== Data for analysis

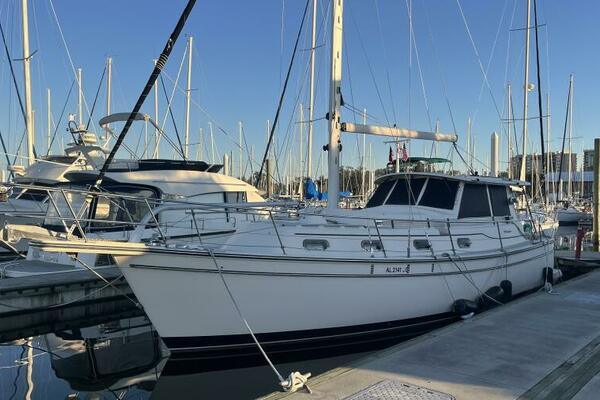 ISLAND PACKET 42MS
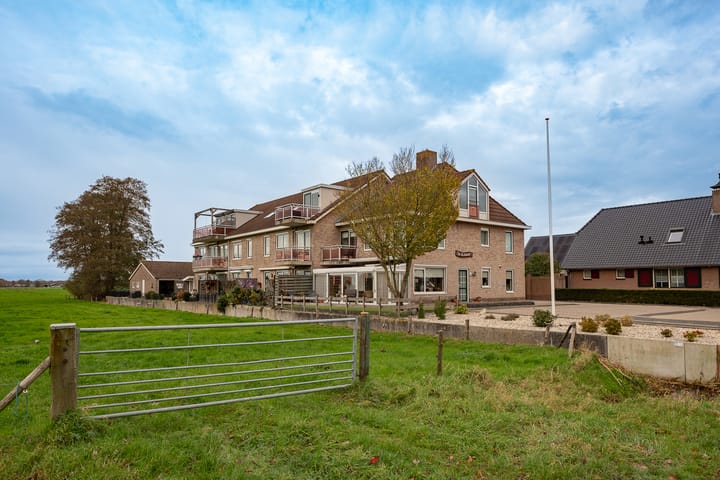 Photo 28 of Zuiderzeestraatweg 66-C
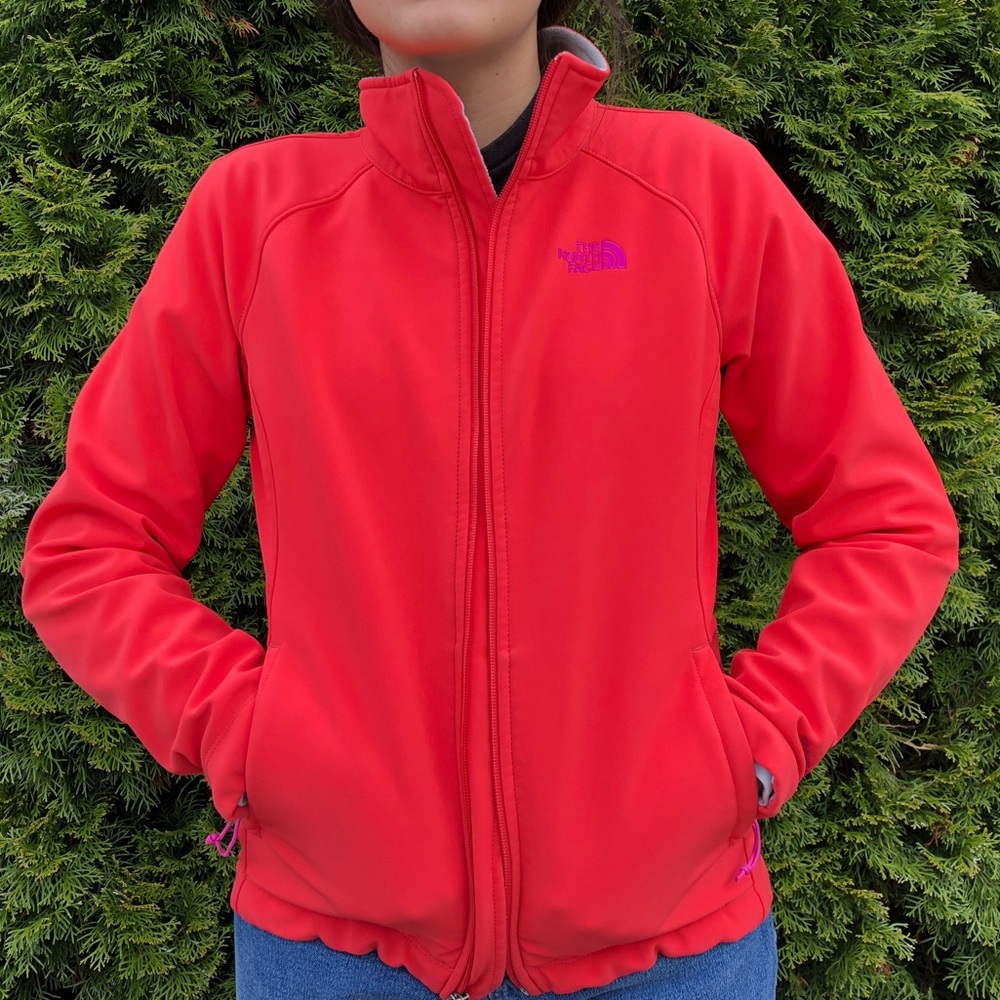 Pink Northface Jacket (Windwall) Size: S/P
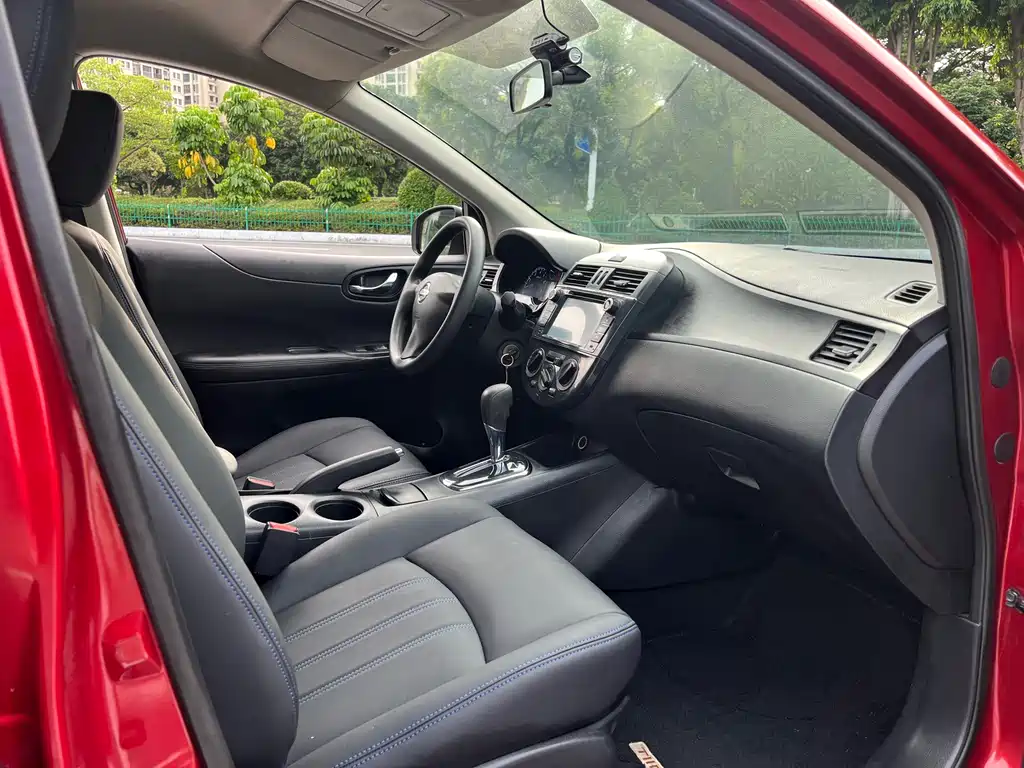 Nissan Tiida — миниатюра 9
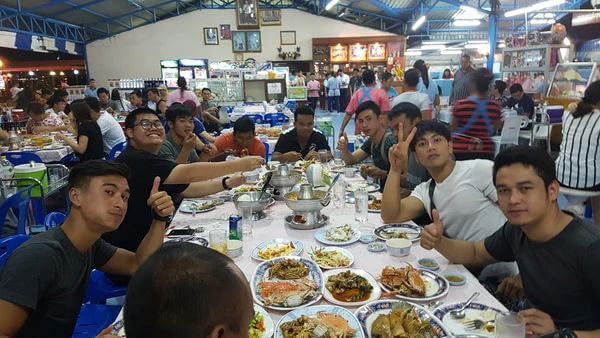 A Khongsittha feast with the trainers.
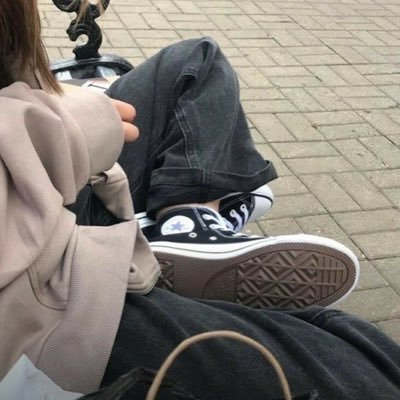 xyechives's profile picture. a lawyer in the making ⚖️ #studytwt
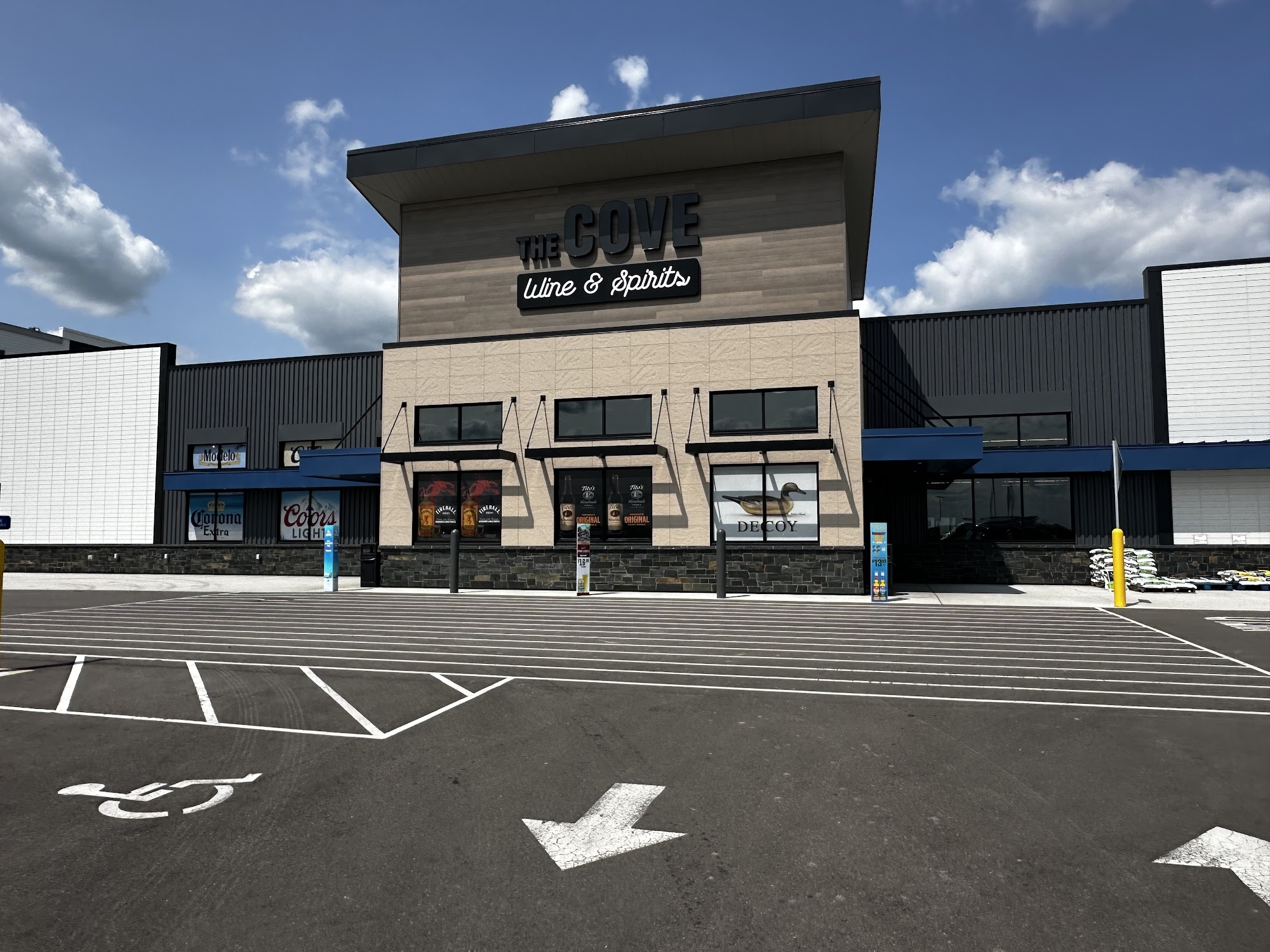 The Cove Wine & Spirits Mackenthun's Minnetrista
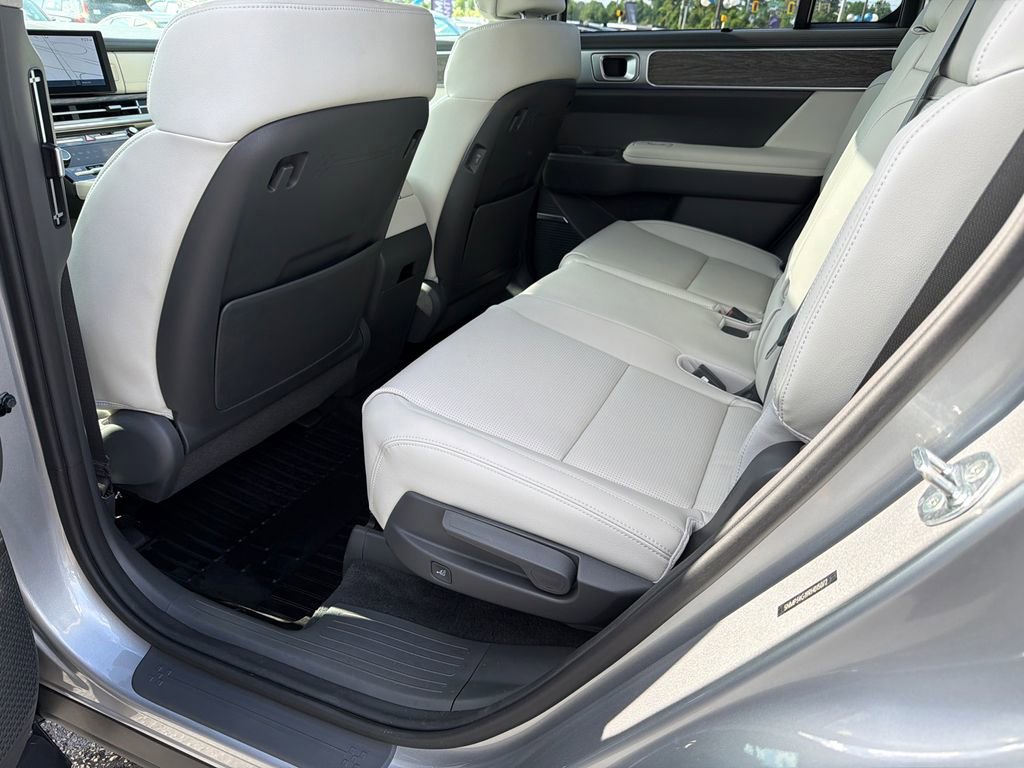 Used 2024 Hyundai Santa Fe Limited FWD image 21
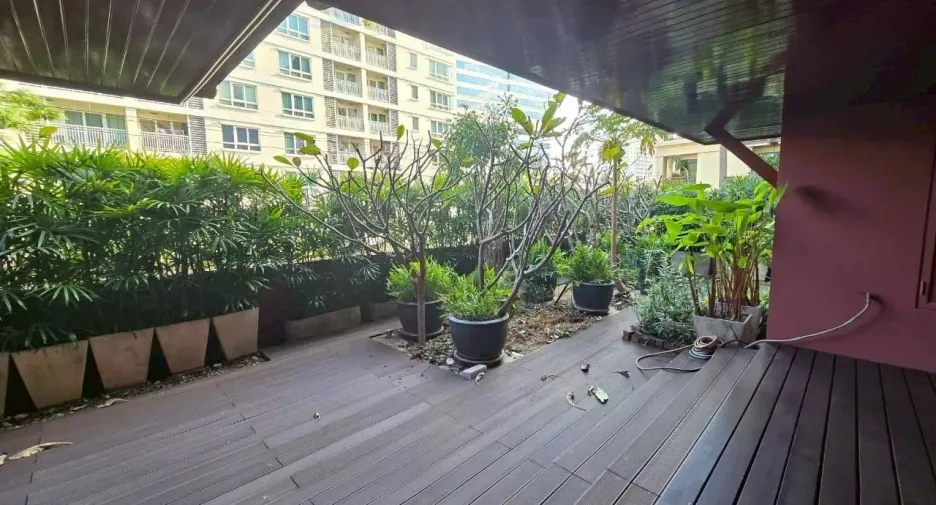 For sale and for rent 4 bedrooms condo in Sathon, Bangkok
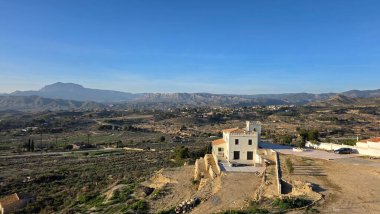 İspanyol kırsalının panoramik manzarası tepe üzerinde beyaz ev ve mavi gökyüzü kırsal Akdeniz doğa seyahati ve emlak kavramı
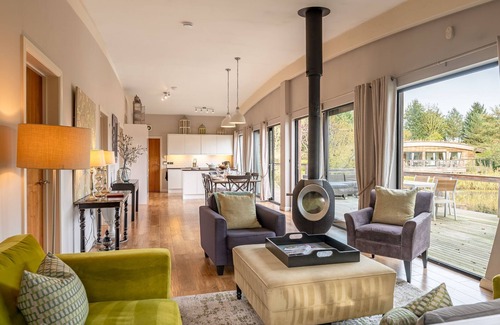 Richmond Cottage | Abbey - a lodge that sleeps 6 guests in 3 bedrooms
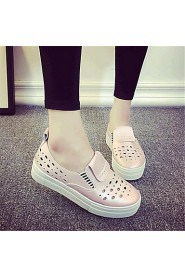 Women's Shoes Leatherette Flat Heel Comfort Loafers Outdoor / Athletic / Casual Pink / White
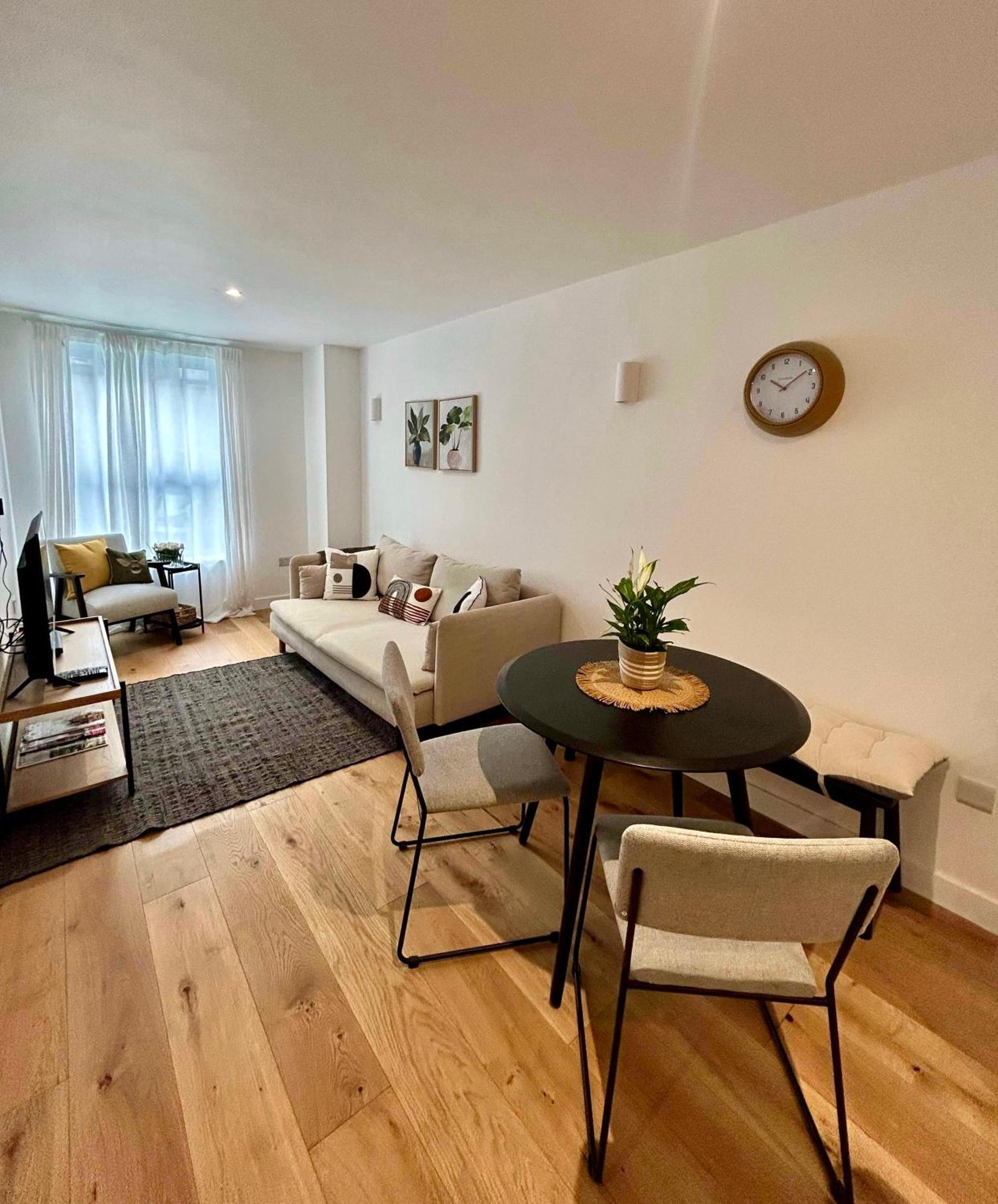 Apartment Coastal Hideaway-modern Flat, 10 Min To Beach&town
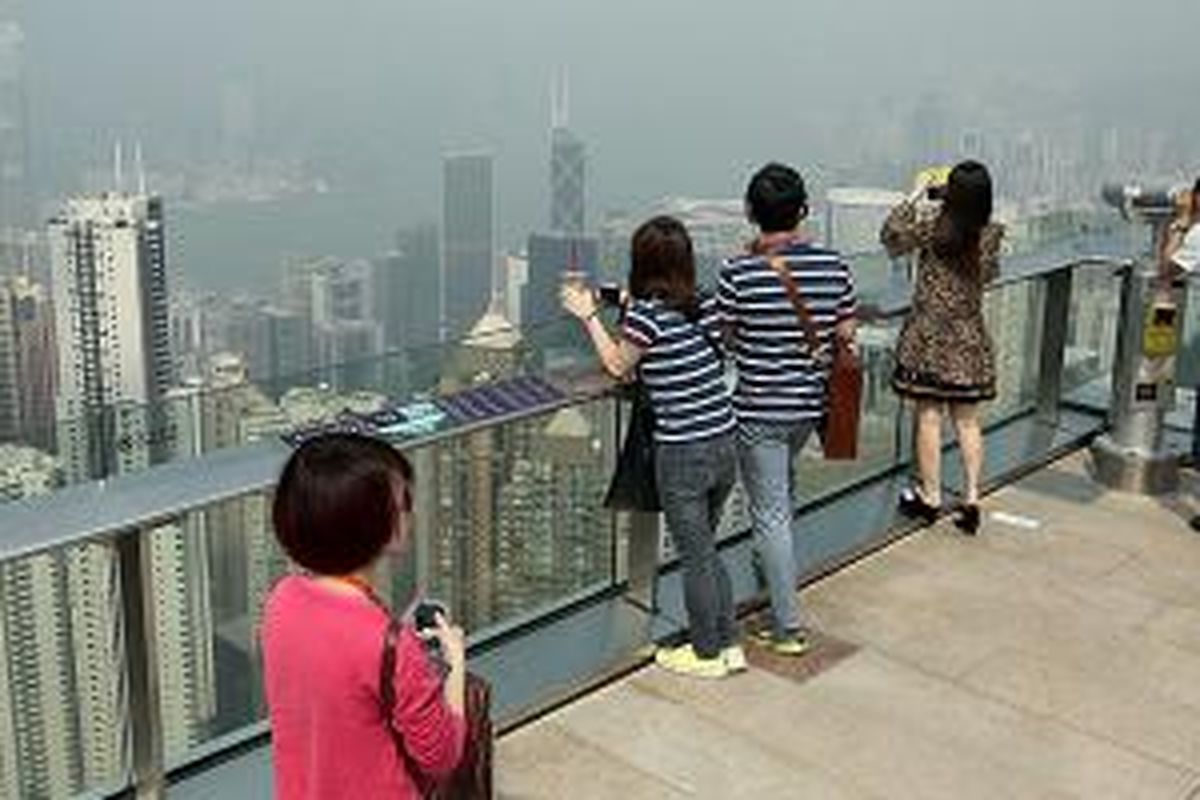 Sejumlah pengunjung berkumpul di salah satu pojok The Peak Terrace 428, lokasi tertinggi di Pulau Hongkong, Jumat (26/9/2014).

====

_Description of the task_. Restate word for word the lines that begin at the one containing "Apartment Coastal Hideaway-modern" and end with the final line of the records. Pictures stay out.

_Task response_.
 Apartment Coastal Hideaway-modern Flat, 10 Min To Beach&town
 Sejumlah pengunjung berkumpul di salah satu pojok The Peak Terrace 428, lokasi tertinggi di Pulau Hongkong, Jumat (26/9/2014).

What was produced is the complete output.